According to the DI website, the institute “strives to prepare and qualify a select and competitively admitted body of students as capable academicians in advancing knowledge and public administration, and as professional leaders in the academic and executive fields”. The DI will include the School of Social Sciences and Humanities, the School of Public Administration and Policy, and the Doha Historical Dictionary of the Arabic Language. The ACRPS will also be located on the DI campus.

=== Jerusalem Story ===

Jerusalem Story is a website launched in June of 2022 with the stated goal of informing the English speaking public about Palestinian life in Jerusalem.

== Publications ==
The ACRPS publishes books and three Arabic academic periodicals, Omran, Tabayyun and Siyasat Arabia. Printed book titles include: The Sectarian Question and the Problem of Minorities by Burhan Ghalioun, Reflections on the Meaning of Palestine by Alain Gresh, Stay Human by Vittorio Arrigoni, and Civil Society by Azmi Bishara. Omran and Tabayyun are quarterly peer-reviewed journals, the former focused on the social sciences and the humanities more broadly, and the latter on thought, philosophy and cultural and literary criticism. Siyasat Arabia is published bi-monthly and is focused on political science, international relations and policy studies. It aims to make such analyses accessible to non-specialist audiences and contribute to public debate in Arab countries. Its contributions are primarily written by the ACRPS Policy Analysis Unit.
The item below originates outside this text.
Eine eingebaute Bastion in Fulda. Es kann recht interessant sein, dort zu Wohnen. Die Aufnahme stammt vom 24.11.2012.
In addition a number of publications are made available electronically on the ACRPS website. These include select works from Omran and Tabayyun, policy analyses, case analyses, book reviews, assessment reports, and commentaries.

== Events and conferences ==
The ACRPS organizes two annual conferences which attract Arab researchers from across the region.
The Annual Conference on the Social Sciences and Humanities is generally held every March and addresses two research themes. Past themes were: “From Hampered Growth to Sustainable Development: Which Socio-economic Policies for Arab Countries?” and “Identity and Language in the Arab Homeland” (2012); and "The Dialectic of Social Integration and the Building of Nation and State in the Arab Homeland" and the "Definition of Justice in the Arab Homeland today" (2013).

The Annual Conference of Strategic and Policy Studies Research Centers in the Arab world brings together centers of research, policy studies, and strategic analysis in the Arab region. It is normally held in December of each year. Past themes of this conference were: “The Arab revolutions and geostrategic changes” (2012) and “The Cause of Palestine and the Future of the Palestinian National Movement” (2013).

In addition to the Annual Conferences, the ACRPS holds other conferences, symposia and lectures on various topics.